[Brief descriptive captions]
┏━━
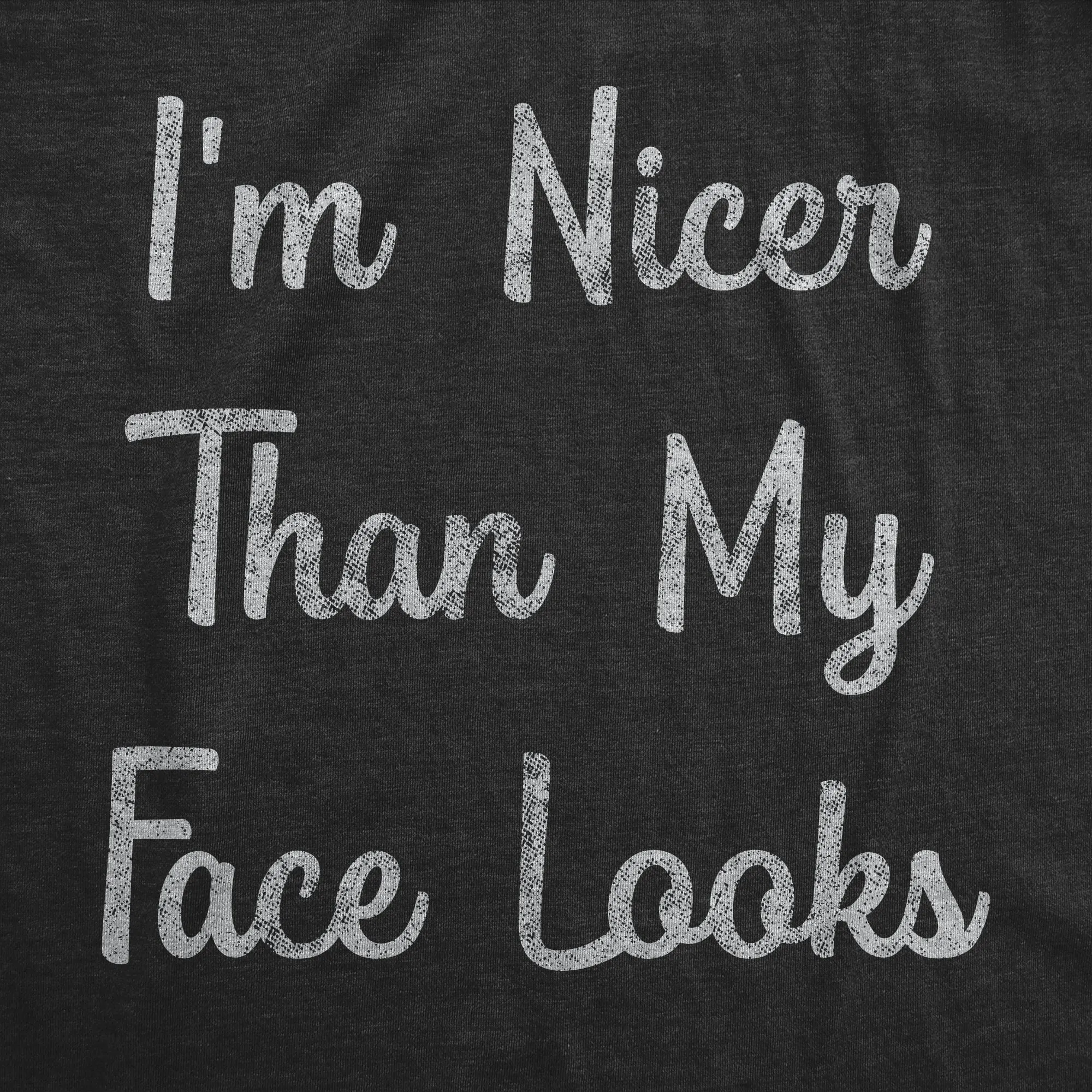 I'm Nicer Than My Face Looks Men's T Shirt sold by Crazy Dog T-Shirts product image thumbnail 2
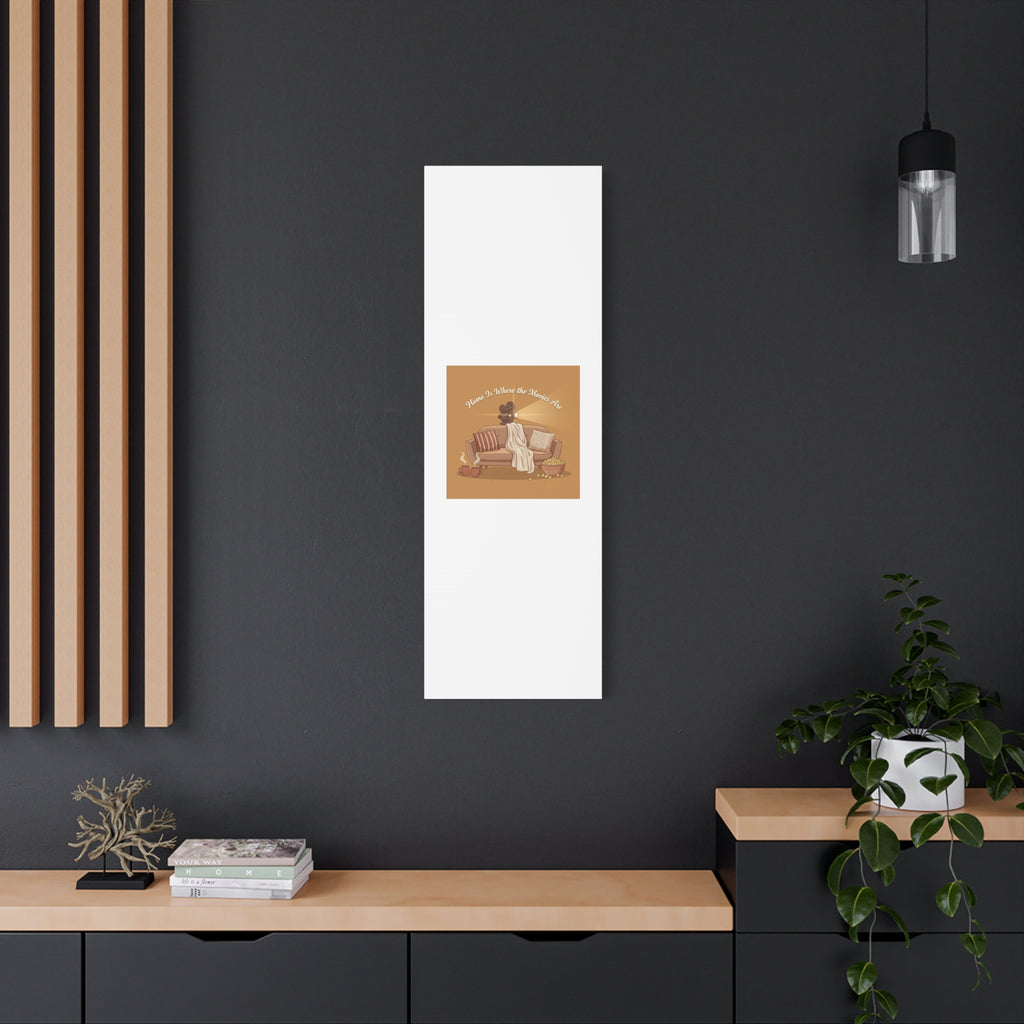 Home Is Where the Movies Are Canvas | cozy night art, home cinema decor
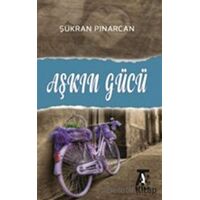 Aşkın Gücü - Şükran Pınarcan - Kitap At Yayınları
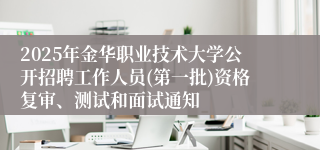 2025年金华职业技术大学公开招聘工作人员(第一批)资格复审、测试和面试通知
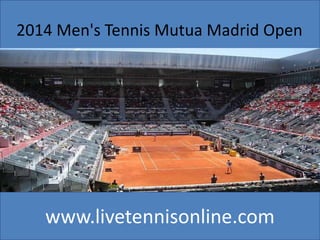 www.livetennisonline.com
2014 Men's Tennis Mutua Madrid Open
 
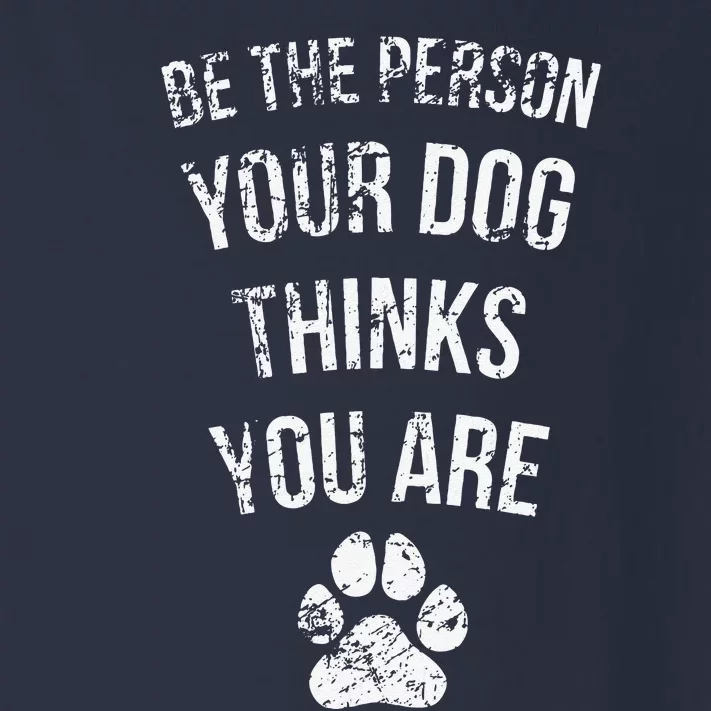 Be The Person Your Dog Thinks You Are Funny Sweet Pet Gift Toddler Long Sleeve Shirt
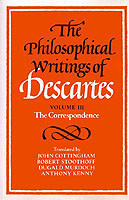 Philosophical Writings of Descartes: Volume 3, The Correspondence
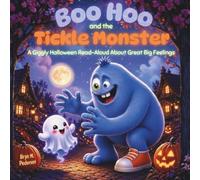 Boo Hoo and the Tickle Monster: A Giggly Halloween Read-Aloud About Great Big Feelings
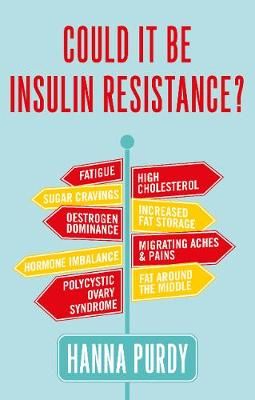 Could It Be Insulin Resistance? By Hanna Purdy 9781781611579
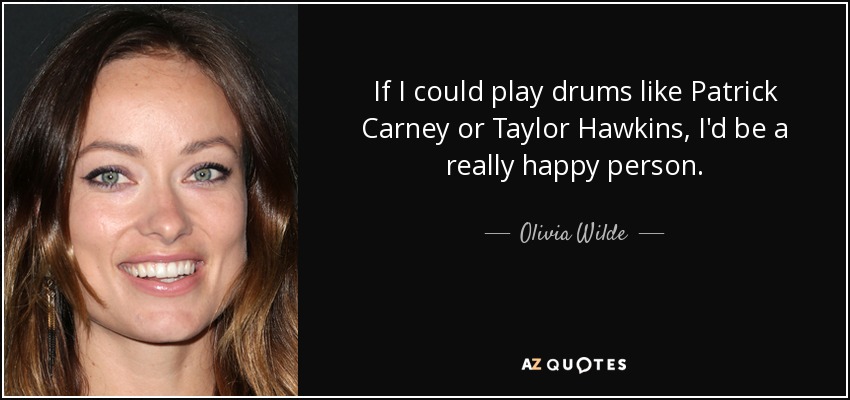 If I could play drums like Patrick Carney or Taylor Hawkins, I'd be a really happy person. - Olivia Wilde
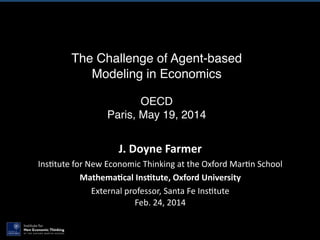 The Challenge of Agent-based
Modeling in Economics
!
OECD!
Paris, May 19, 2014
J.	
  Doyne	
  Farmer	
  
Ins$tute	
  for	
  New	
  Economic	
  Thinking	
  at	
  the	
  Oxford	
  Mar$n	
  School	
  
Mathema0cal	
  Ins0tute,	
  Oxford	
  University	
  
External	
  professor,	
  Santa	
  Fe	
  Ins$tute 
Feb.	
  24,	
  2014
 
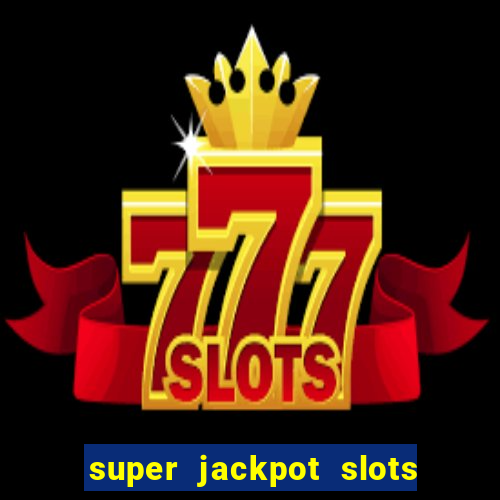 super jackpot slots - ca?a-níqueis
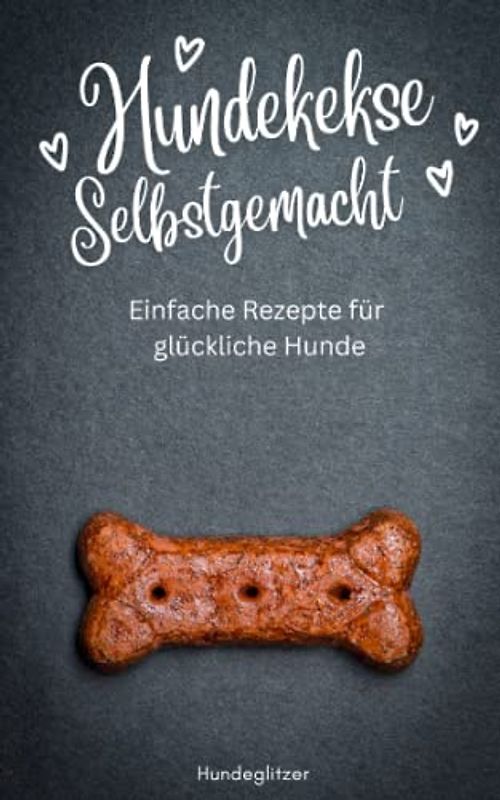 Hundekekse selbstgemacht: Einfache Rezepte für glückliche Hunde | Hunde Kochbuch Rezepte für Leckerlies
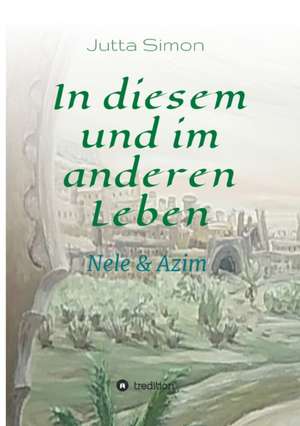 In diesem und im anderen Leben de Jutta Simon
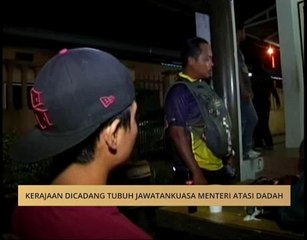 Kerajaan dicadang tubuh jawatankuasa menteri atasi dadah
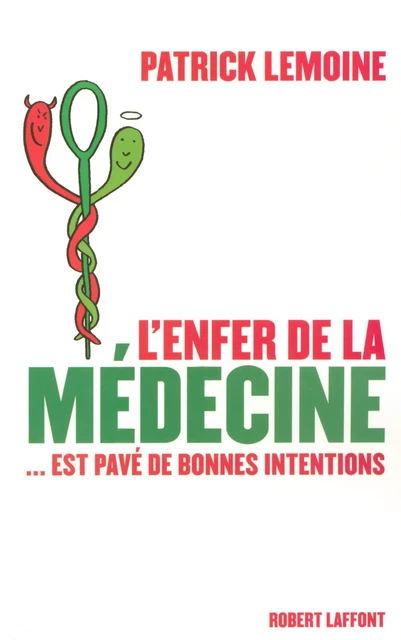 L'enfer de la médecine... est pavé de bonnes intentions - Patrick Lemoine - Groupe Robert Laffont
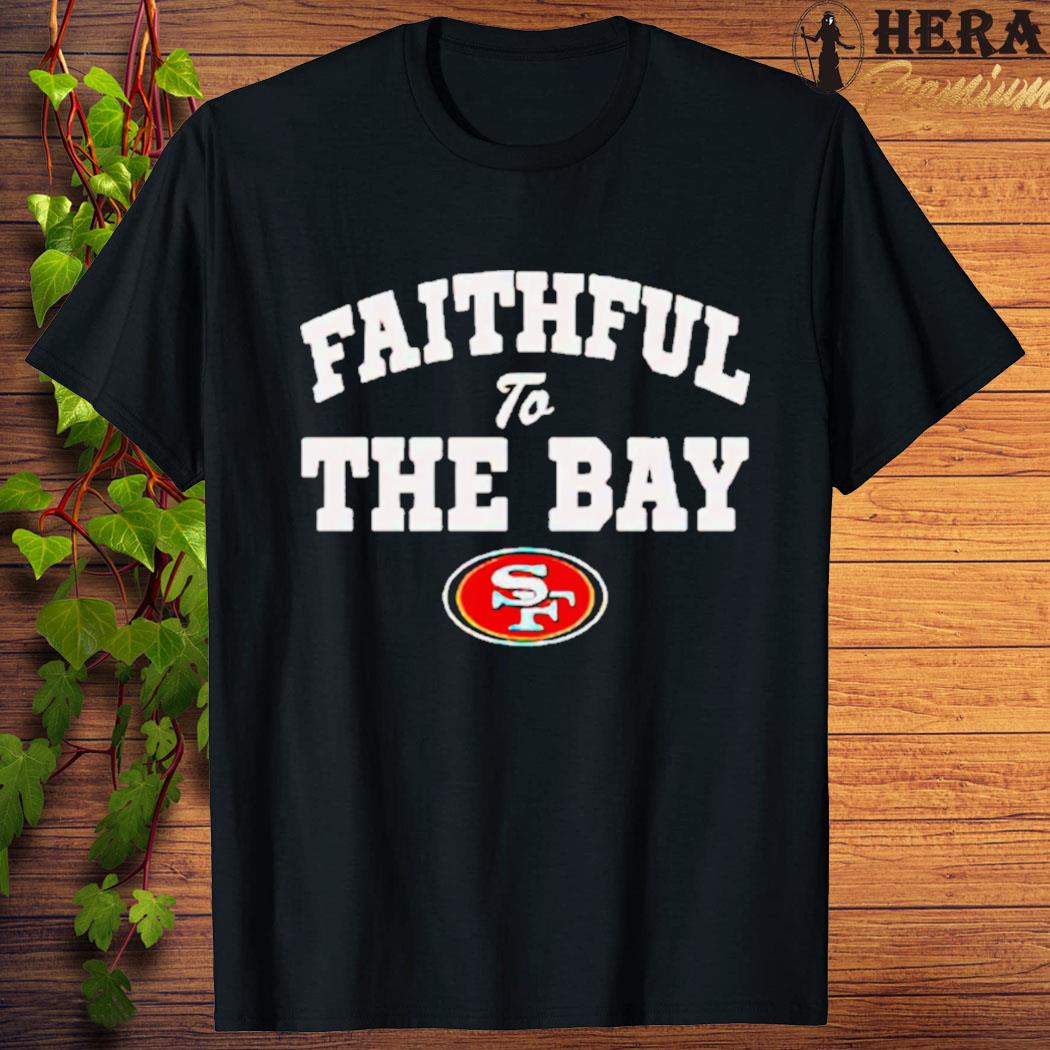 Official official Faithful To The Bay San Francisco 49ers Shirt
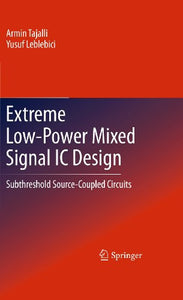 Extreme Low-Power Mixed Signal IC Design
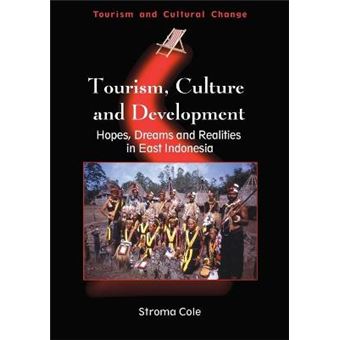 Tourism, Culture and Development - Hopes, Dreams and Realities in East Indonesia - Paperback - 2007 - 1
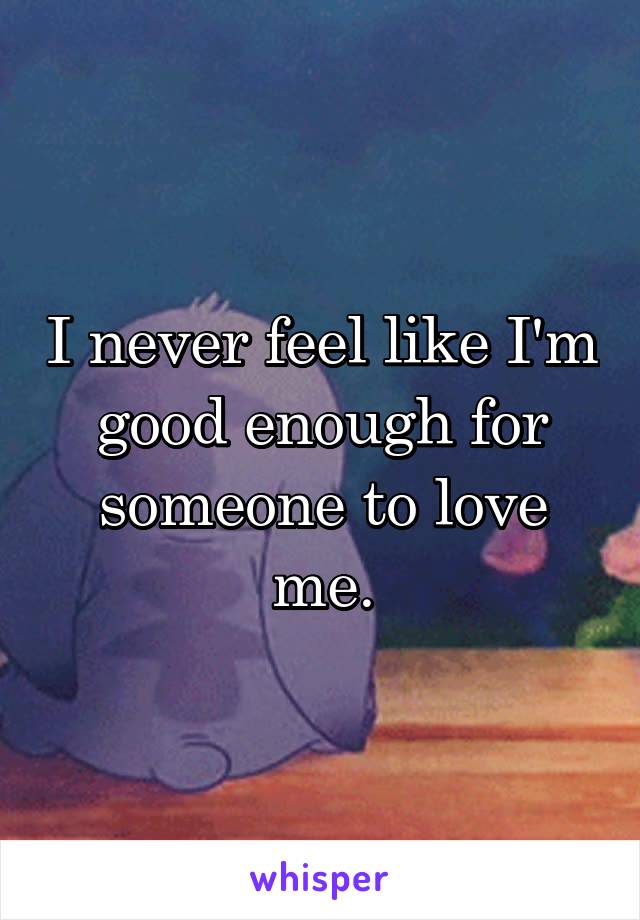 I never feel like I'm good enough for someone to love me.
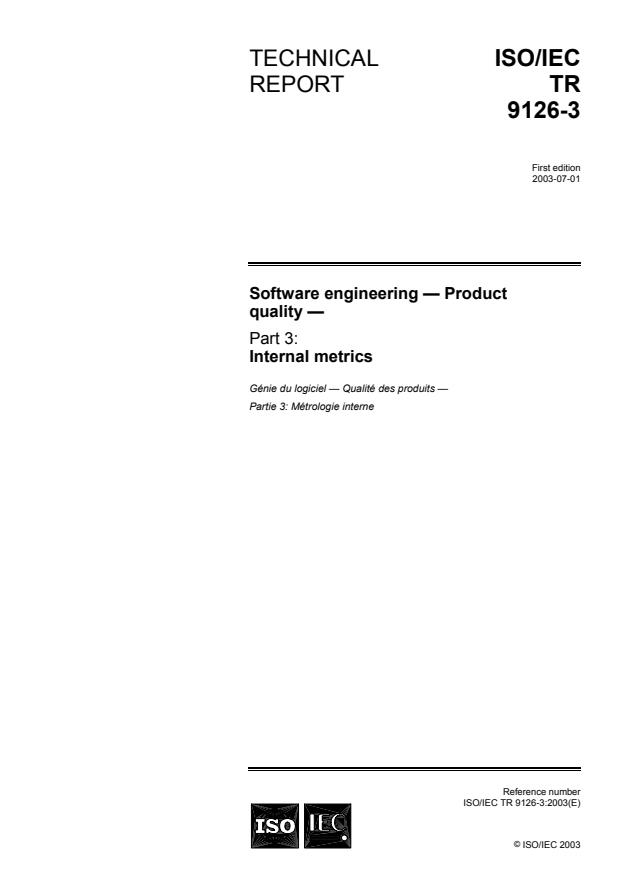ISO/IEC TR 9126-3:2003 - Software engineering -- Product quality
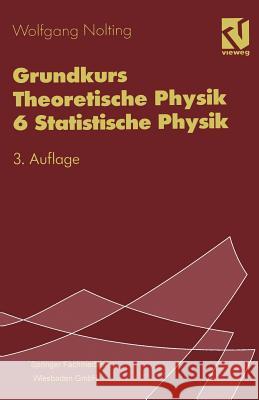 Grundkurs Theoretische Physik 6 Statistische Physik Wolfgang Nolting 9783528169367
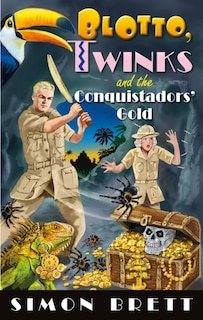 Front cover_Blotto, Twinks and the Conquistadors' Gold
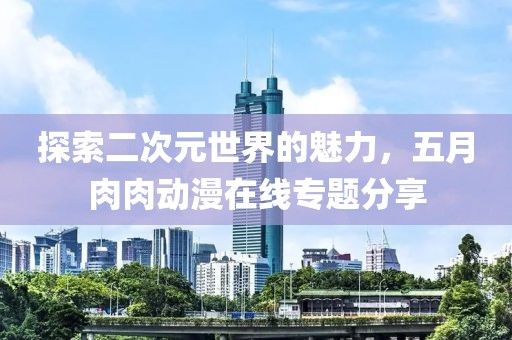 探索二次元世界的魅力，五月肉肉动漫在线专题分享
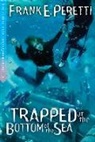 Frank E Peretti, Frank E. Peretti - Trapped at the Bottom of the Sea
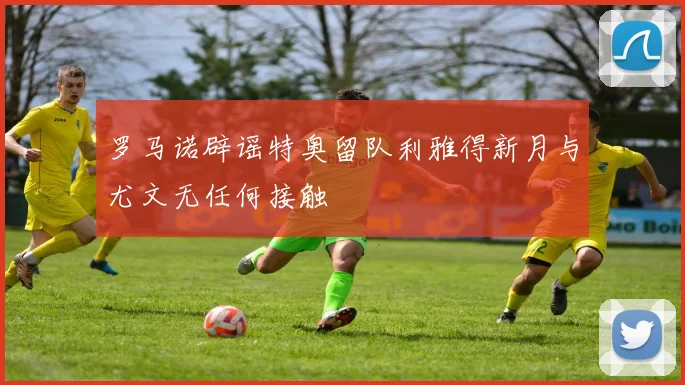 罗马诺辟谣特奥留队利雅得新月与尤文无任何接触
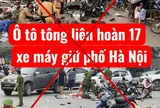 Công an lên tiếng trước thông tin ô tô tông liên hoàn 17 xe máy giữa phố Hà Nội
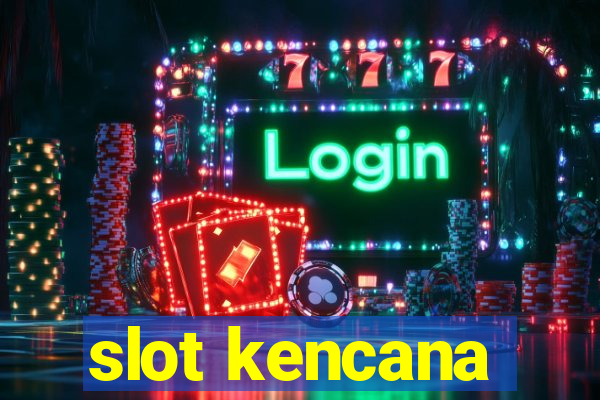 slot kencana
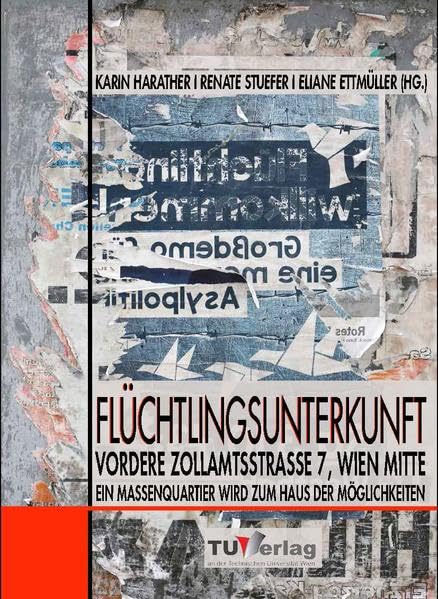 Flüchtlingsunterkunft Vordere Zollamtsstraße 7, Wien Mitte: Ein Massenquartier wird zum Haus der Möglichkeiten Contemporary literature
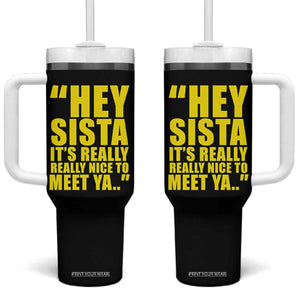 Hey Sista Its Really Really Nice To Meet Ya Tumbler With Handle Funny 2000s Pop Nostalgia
┗━━
## EXERCISE DETAILS
Leave out the pictures and repeat exactly the lines from the first line of the data through the line containing "Boo Hoo and". Add nothing else.

## SOLVED EXERCISE
 I'm Nicer Than My Face Looks Men's T Shirt sold by Crazy Dog T-Shirts product image thumbnail 2
 Home Is Where the Movies Are Canvas | cozy night art, home cinema decor
 Aşkın Gücü - Şükran Pınarcan - Kitap At Yayınları
 2025年金华职业技术大学公开招聘工作人员(第一批)资格复审、测试和面试通知
 www.livetennisonline.com
2014 Men's Tennis Mutua Madrid Open
 
 Be The Person Your Dog Thinks You Are Funny Sweet Pet Gift Toddler Long Sleeve Shirt
 Philosophical Writings of Descartes: Volume 3, The Correspondence
 Boo Hoo and the Tickle Monster: A Giggly Halloween Read-Aloud About Great Big Feelings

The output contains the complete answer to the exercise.